Since its introduction in 1957, Lloyd’s algorithm for k-means clustering has been extensively studied and has undergone several improvements. While in its original form it does not guarantee any approximation factor at all, Arthur and Vassilvitskii (SODA 2007) proposed k-means++ which enhances Lloyd’s algorithm by a seeding method which guarantees a 𝒪(log k)-approximation in expectation. More recently, Lattanzi and Sohler (ICML 2019) proposed LS++ which further improves the solution quality of k-means++ by local search techniques to obtain a 𝒪(1)-approximation. On the practical side, the greedy variant of k-means++ is often used although its worst-case behaviour is provably worse than for the standard k-means++ variant.

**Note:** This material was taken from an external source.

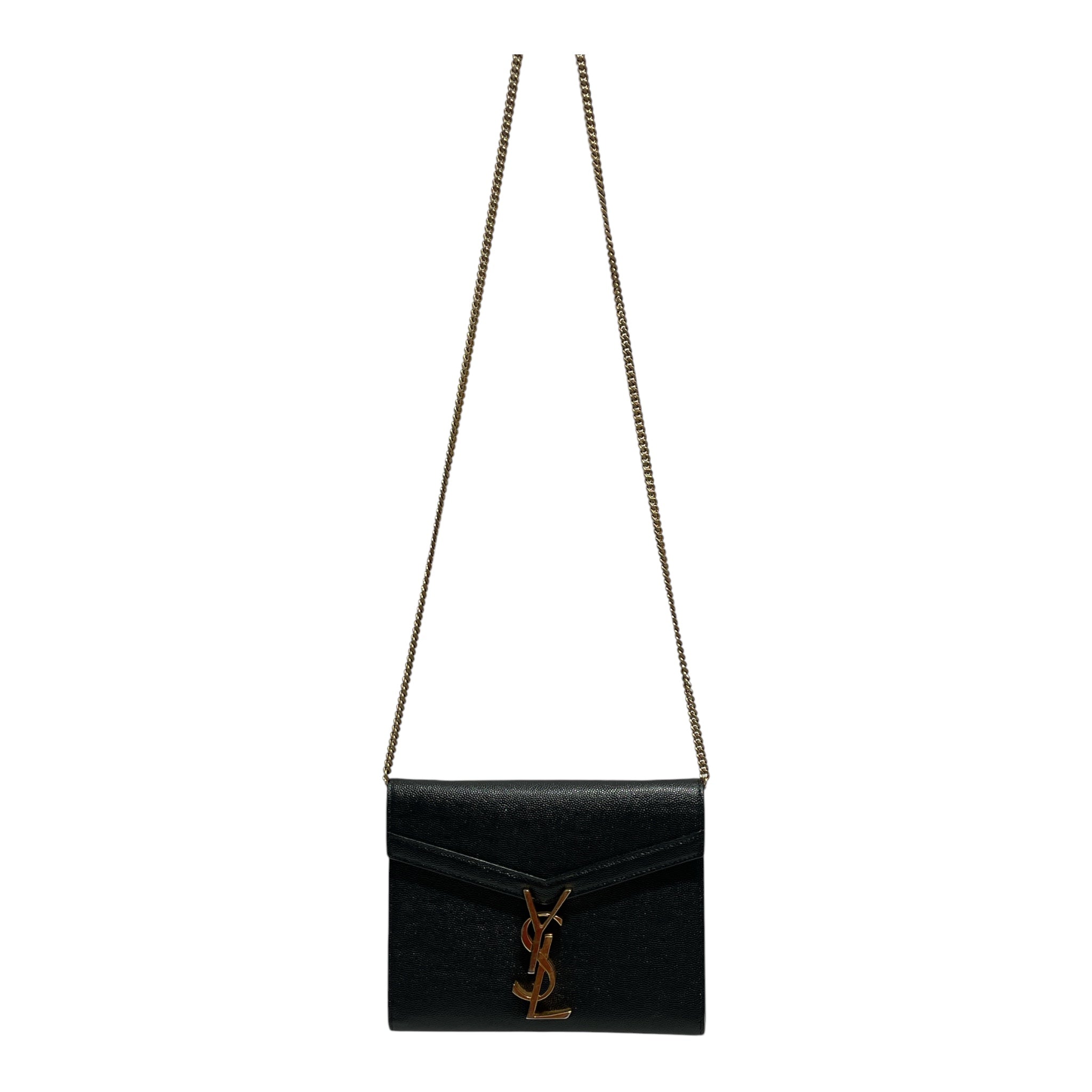 SAINT LAURENT/Cross Body Bag/Leather/BLK/Grain Leather Cassandra Chain view 1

We investigate how to improve LS++ further in practice. We study two options for improving the practical performance: (a) Combining LS++ with greedy k-means++ instead of k-means++, and (b) Improving LS++ by better entangling it with Lloyd’s algorithm. Option (a) worsens the theoretical guarantees of k-means++ but improves the practical quality also in combination with LS++ as we confirm in our experiments. Option (b) is our new algorithm, Foresight LS++. We experimentally show that FLS++ improves upon the solution quality of LS++. It retains its asymptotic runtime and its worst-case approximation bounds.